Chronic Kidney Disease and Micronutrients
To investigate the effects of phosphorus supplementation for 15 days on mineral metabolism in patients with successful kidney allografts.
Subjects with kidney transplant; stable allograft function with serum creatinine consistently less than 2.0mg per dL and phosphate equal or less than 3.5mg per dL at the time of the study.
None except not meeting all inclusion criteria.
Recruitment
The study was performed during January and February 1997. However, there is no mention as to how patients were recruited.
Design
Kidney transplant recipients with 41±18 months of transplantation took part in the study.

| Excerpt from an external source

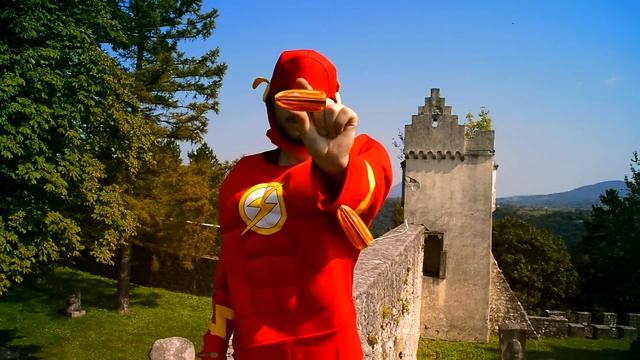 Superheroes VS Green Siren Head VS Red Siren Head VS Blue Siren Head VS Purple Siren Head смотреть онлайн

After a wash-out period of one month in which oral phosphorus supplementation was discontinued, biochemical parameters were measured in the baseline period (FO period). Then patients received 1.5g per day of oral phosphorus for 15 days, and the same parameters were determined (F1 period). Blood and 24-hour urine were collected for the measurements of all biochemical parameters. All patients were advised to continue with their habitual diets during these 15 days. All of them were on triple immunosuppressive therapy. None of them received allopurinol, anticonvulsants, vitamin D supplements, antacids or other drugs.
For data analysis, patients were divided into two subgroups according to allograft function; optimal group with a creatinine clearance of more than 70ml per minute per 1.73m2 and an suboptimal group with a CrCl ranging between 46ml and 69ml per minute per 1.73m2.
Intervention
Oral phosphorus, 1.5g per day (750mg tablet each).
Statistical Analysis
Paired T-test was used for before and after the supplementation, and T-test for comparisons between subgroups. The correlation between continuous variables was measured by Pearson's test. Stepwise multiple linear regression was utilized to establish the best determinants over the PTH changes after supplementation. P<0.05 was considered to be statistically significant.
Timing of Measurements
Biochemical parameters from blood and urine samples were determined at baseline and after 15 days of oral phosphorus supplementation.
Dependent Variables
- PTH
- Serum bicarbonate
- 25 hydroxycholecalciferol
- 1,25 dihydroxycholecalciferol
- Uric acid
- Total calcium corrected to albumin
- Phosphate
- Alkaline phosphatase
- Serum bicarbonate
- Creatinine
- Creatinine clearance.
Independent Variables
Oral phosphate.
- Initial N: 32 (15 females, 17 males)
- Attrition (final N): 32 (15 females, 17 males)
- Age: Mean age, 50+12
- Other relevant demographics: Only three patients received diuretics (furosemide 40mg per day). The PTH concentrations obtained immediately before kidney transplantation were available in all patients. None of the patients had acute or chronic inflammatory, infectious, tumoral or liver disease, diabetes or proteinuria greater than 1.0g per 24 hours.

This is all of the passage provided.